“The Sound of Music” is one of the most beloved family movies of all time.
The story of how a family of talented singers fled Nazi-occupied Austria during World War II has captivated audiences on both stage and screen for generations. While we’ve come to know and love the characters in the film, the actual family members behind the story recall a very different, and very interesting tale.
“Everyone thinks the Sound of Music was exactly the way things happened,” explained Johannes von Trappe, the youngest son of Georg and Maria. “This was the Hollywood version of the Broadway version of the German film version of the book that my mother wrote.”
Maria’s book “The Story of the von Trapp Family Singers” told the true story of how Maria and Georg escaped Nazi-occupied Austria during the second World War, and many of the details are indeed different than you’d expect.
While it’s true that Maria von Trapp gave up being a nun to join the family in Austria, she was not a governess. Rather, Maria came to live in the von Trapp household as a tutor for the widowed Georg’s seven children.
Contrary to the Hollywood version of events, Maria and Georg did not actually fall madly in love. At least, not right away, anyway.
“I really and truly was not in love. I liked him but didn’t love him. However, I loved the children, so in a way I really married the children.”
But over time respect grew to a deep love.
“I learned to love him more than I have ever loved before or after.”<.em>
After getting married on November 26, 1927, Maria and Georg didn’t flee the Nazis right away. They lived in Austria for ten more years and had three children of their own together.
Johannes also explained that his older sister Agatha, the inspiration for the character of Leisel, was nothing like the precocious teen depicted on screen. Agatha was actually quite shy and not interested in dating boys. The “You Are Sixteen” duet between Leisel and Ralph not only never happened, but the family was “rolling in the aisles in stitches” when they saw the dramatized version of Agatha.
Johannes and his family also agreed that Maria is not nearly as “ladylike” as Julie Andrews’ portrayal made her out to be, nor was Georg as stern.

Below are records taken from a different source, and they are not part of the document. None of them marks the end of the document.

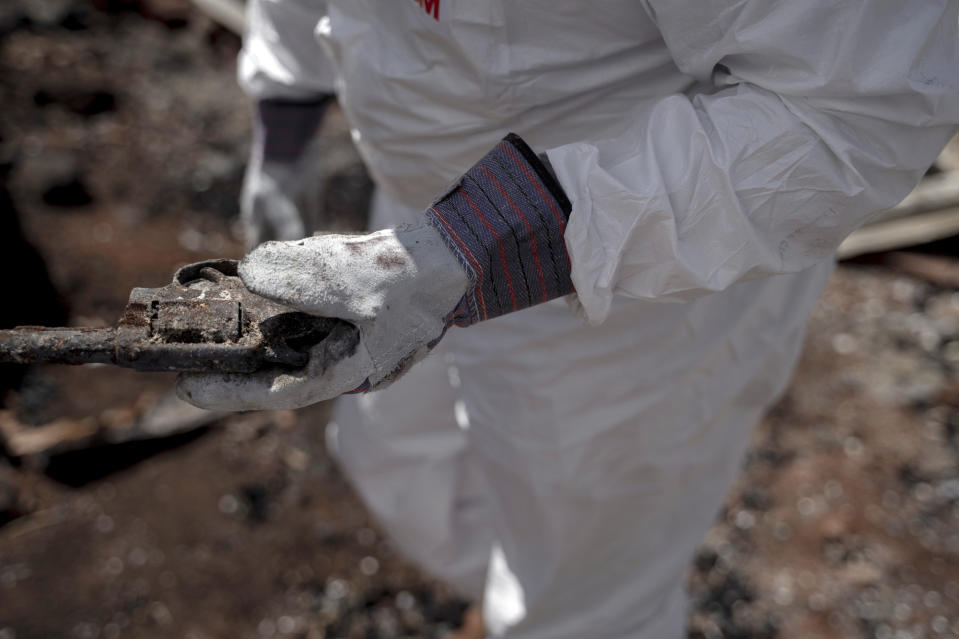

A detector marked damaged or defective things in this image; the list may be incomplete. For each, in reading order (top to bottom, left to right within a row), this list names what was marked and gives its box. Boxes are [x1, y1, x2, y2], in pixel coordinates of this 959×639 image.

corroded metal gun [0, 258, 344, 372]
rusted pistol [0, 258, 348, 372]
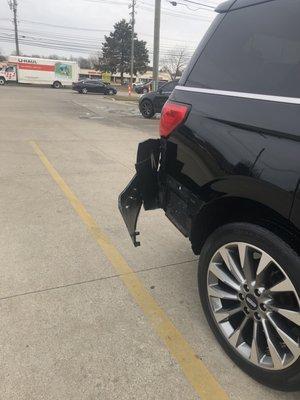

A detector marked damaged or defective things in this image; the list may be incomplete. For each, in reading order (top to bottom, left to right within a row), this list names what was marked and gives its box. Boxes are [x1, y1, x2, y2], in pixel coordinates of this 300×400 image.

damaged bumper panel [117, 140, 161, 247]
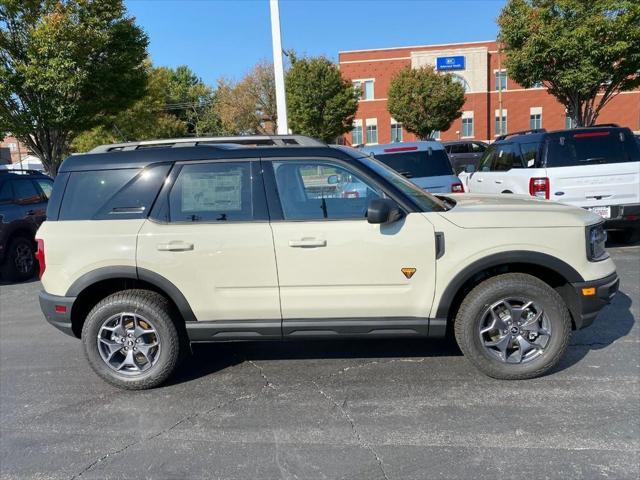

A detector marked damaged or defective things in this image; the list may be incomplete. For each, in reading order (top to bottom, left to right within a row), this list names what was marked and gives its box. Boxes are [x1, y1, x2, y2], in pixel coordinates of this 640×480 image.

pavement crack [67, 392, 252, 478]
pavement crack [310, 378, 390, 480]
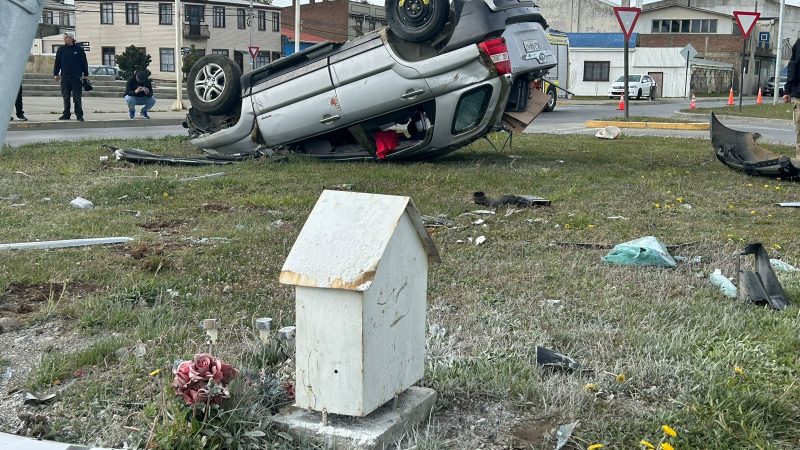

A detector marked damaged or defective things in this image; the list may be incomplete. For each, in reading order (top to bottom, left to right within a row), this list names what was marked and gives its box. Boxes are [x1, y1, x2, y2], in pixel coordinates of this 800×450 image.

overturned silver car [184, 0, 552, 160]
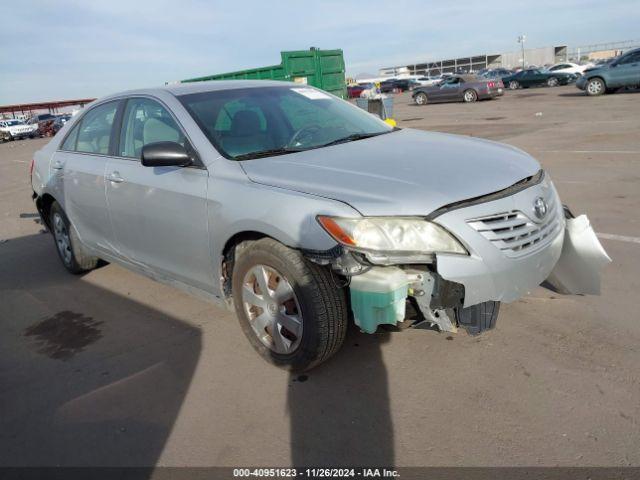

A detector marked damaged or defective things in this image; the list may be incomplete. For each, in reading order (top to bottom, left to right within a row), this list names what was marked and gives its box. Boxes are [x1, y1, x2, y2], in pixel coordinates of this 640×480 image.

damaged front end [304, 174, 608, 336]
crumpled front bumper [432, 177, 608, 308]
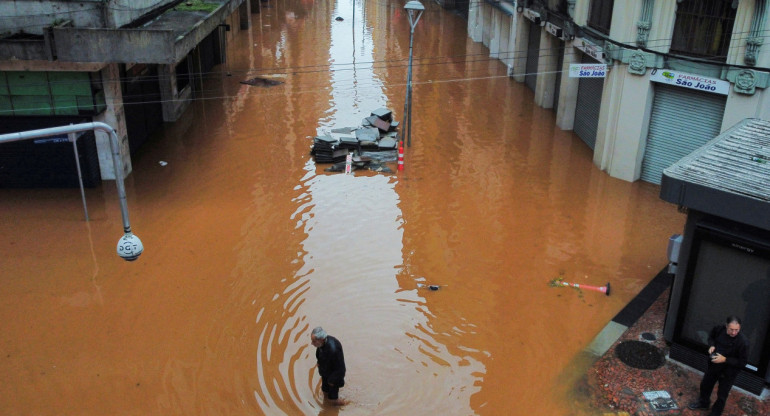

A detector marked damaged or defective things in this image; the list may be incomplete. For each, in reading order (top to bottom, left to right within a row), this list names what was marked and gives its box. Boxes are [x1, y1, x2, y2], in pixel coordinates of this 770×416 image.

bent lamp post [402, 0, 426, 149]
bent lamp post [0, 122, 144, 262]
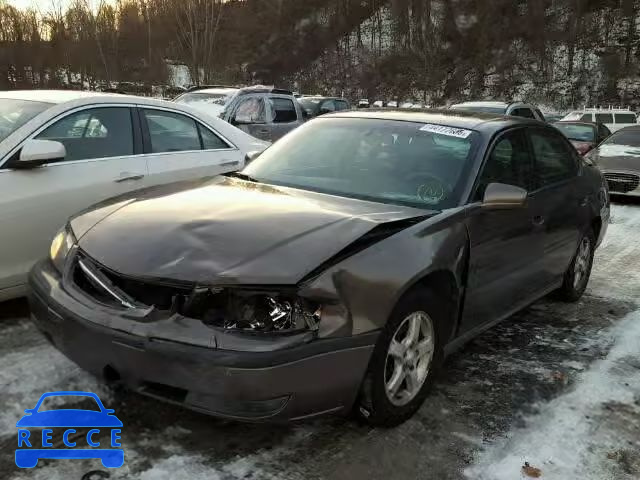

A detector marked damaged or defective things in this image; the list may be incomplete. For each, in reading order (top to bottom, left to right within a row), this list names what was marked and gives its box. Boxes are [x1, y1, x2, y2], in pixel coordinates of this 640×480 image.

exposed headlight assembly [49, 224, 76, 272]
broken headlight [49, 224, 76, 272]
damaged gray sedan [28, 110, 608, 426]
broken headlight [179, 288, 320, 334]
damaged front bumper [30, 260, 378, 422]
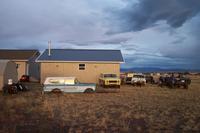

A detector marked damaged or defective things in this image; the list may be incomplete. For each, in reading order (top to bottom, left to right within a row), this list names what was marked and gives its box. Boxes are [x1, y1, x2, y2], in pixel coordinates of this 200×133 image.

In the movie, the von Trapps make a dramatic escape by hiking over the alps to freedom. But in real life, the family boarded a train for a singing tour of Europe, and never returned home to Austria.
After the family left Europe, they settled in a small town in Vermont, where they opened the Trapp Family Lodge. There, Maria von Trapp wrote a book detailing their life to pay the bills that was eventually adapted to screen.
The family still runs this establishment today, and you can even stay there to get a taste of the history and magic of the von Trapp’s unique and fascinating real-life story.